▸ Aim of the task:
The entries below contain pictures. Retype everything except those pictures, exactly as given.

▸ Data records:
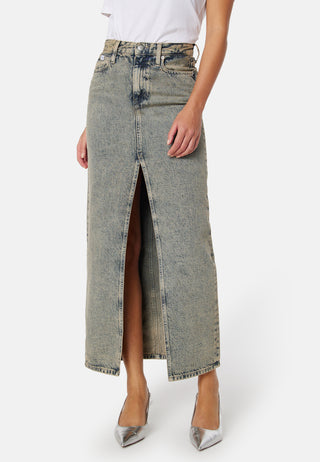 Front Split Maxi Denim Skirt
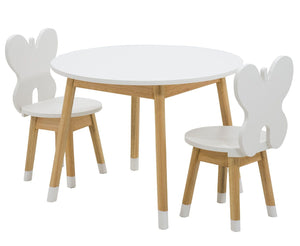 Conjunto Infantil Mesa com 1 a 4 Cadeiras Borboleta Branco/Osmocolor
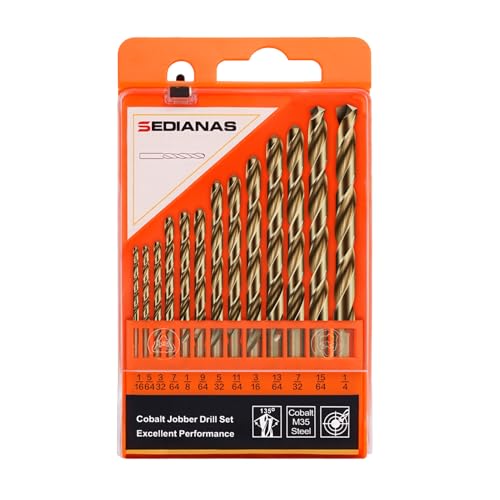 Cobalt Drill Bit Set - 13Pcs M35 HSS Twist Drill Bits Kit 1/16'-1/4' for Hardened Metal, Stainless Steel, Cast Iron, Wood and Plastic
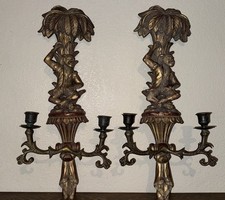 Figural Palm Tree & Monkey Candlestick Holder, Bronze-Finish Cast Metal/Resin — listing 2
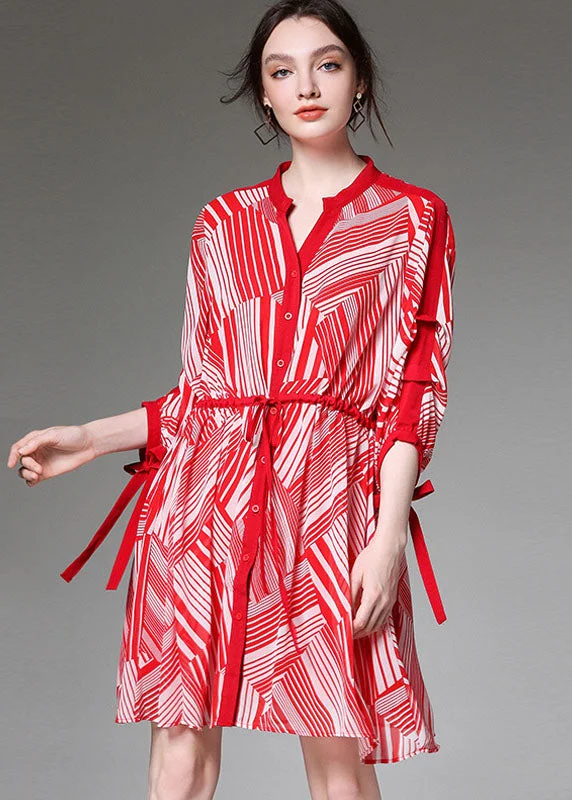 Modern Women's Clothes Boutique Red Tie waist Cinched Print Fall Chiffon Half Sleeve Vacation Dresses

▸ Result below:
 Front Split Maxi Denim Skirt
 Conjunto Infantil Mesa com 1 a 4 Cadeiras Borboleta Branco/Osmocolor
 Cobalt Drill Bit Set - 13Pcs M35 HSS Twist Drill Bits Kit 1/16'-1/4' for Hardened Metal, Stainless Steel, Cast Iron, Wood and Plastic
 Figural Palm Tree & Monkey Candlestick Holder, Bronze-Finish Cast Metal/Resin — listing 2
 Modern Women's Clothes Boutique Red Tie waist Cinched Print Fall Chiffon Half Sleeve Vacation Dresses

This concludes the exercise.